Trading may include futures contract offered under the derivatives market to protect sellers especially farmers from price fluctuations.
In this, for instance, a farmer may sell a futures contract for his maize still in the farm in a guarantee to get a price he will be paid when he delivers. An investor buys the contract on a guarantee that the price will not go up when it is delivered.
“It is a new market segment targeting players and will require a new and separate license,” CMA head of corporate communications Anthony Mwangi said.
Some of the institutions targeted in the market include banks which for a long time provided finance for companies wishing to produce and trade commodities.
However, in the new markets are expected to join in, offering their clients both broking and market-making services in markets.
This to allow producers or consumers of commodities to hedge their potential exposure to unexpected falls or rises in the price of a wide range of commodities.
In return, they gain interest other than equities.
However, the new regulations have set high propriety risks requiring the companies to have to liquidity valued at 50 per cent of total operating costs of the commodity exchange for the next one year period.
“A commodity exchange shall maintain, at all times, liquid net worth amounts of a type acceptable to the Authority, which shall be adequate in relation to the nature, size and complexity of the business of that commodity exchange to ensure that there are no significant risks that liabilities may not be met as they fall due."
“A commodity exchange shall, on a quarterly basis within 30 days after the end of every quarter, submit to the Authority an audited liquid net worth certificate from an auditor,” it added.
“These are just drafts still going through public participation.
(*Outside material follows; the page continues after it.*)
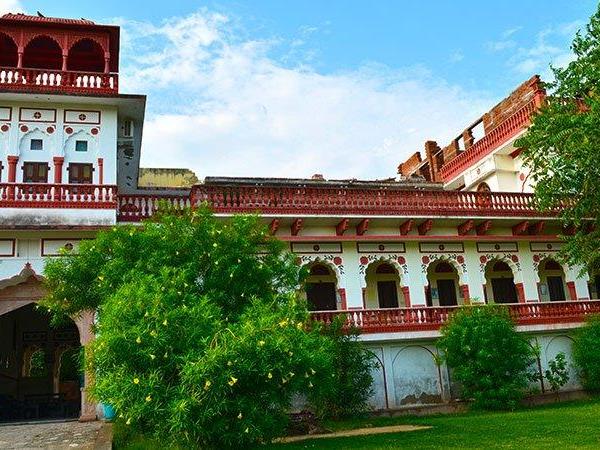 India small group, temples and palaces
Once we close after 30 days, we will look at the comments and incorporated to law,” Mwangi said.
The companies to the exchange will also be limited to those with shareholders.
“In considering an application for a licence to operate a commodity exchange an applicant shall be required to be a company limited by shares and be demutualised,” it added.
The companies are expected to, deliver, manage various commodities traded, give and take-up transactions, position transfers, transaction separations, open or close transaction designations and adjustments and average pricing.
This is part of the regulations set to clear out brokers in the value chain who exploit farmers and remove the government the from market where it is forced to purchase for instance maize from farmers.
It comes ahead of the awaited Kenya National Multi Commodities Exchange (Komex) expected to be ready by December.
“The development of a regulatory framework for commodity exchanges will augment the government’s efforts on enhancing food security and making the commodities market competitive, improving efficiencies in the value chain and meeting international standards,” CMA added.